- [What the task requires]: Print exactly the lines that run from the one containing "Preview: Eglo LED" to the final line of the data, both included, and print none of the pictures.

- [Dataset excerpt]:
━━━━━━━━━━━━━━━━━━━━
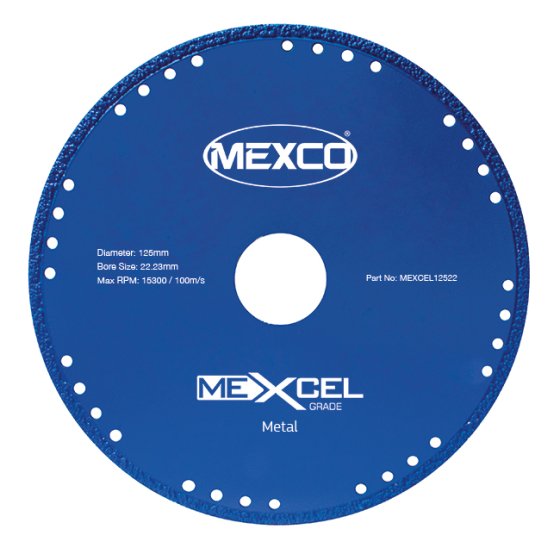 Mexco 125mm Metal Cutting Blade XCEL Grade 22.23mm Diamond Blade Bore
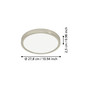 Preview: Eglo LED Aufbauleuchte Fueva 6 14,2W CCT warm-/neutral-/tageslichtweiss 2700/4000/6500K Nickel-matt Stahl Ø28cm 901317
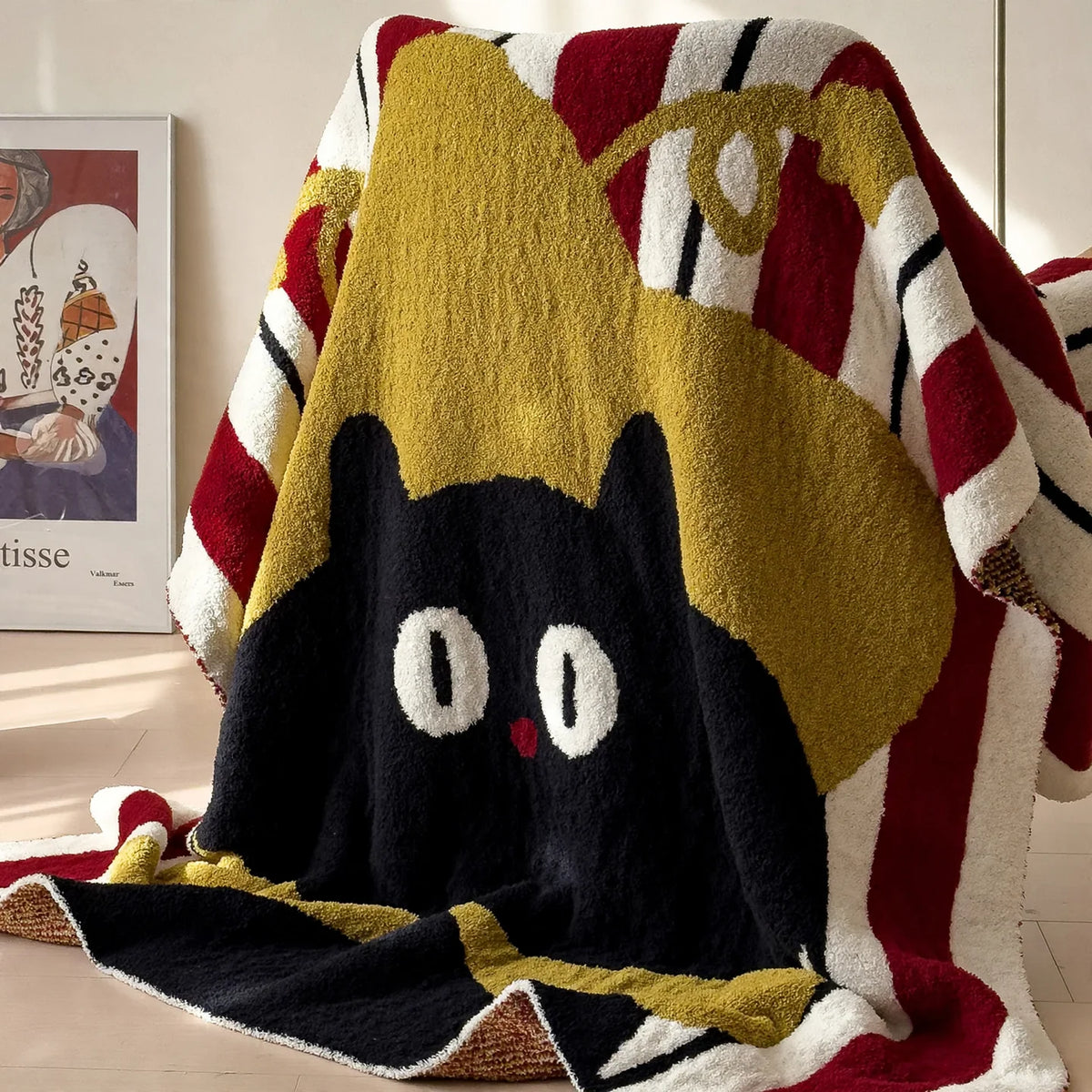 Blanket Wool Fluffy Lightweight Cartoon Design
━━━━━━━━━━━━━━━━━━━━
- [Solution for this task]:
 Preview: Eglo LED Aufbauleuchte Fueva 6 14,2W CCT warm-/neutral-/tageslichtweiss 2700/4000/6500K Nickel-matt Stahl Ø28cm 901317
 Blanket Wool Fluffy Lightweight Cartoon Design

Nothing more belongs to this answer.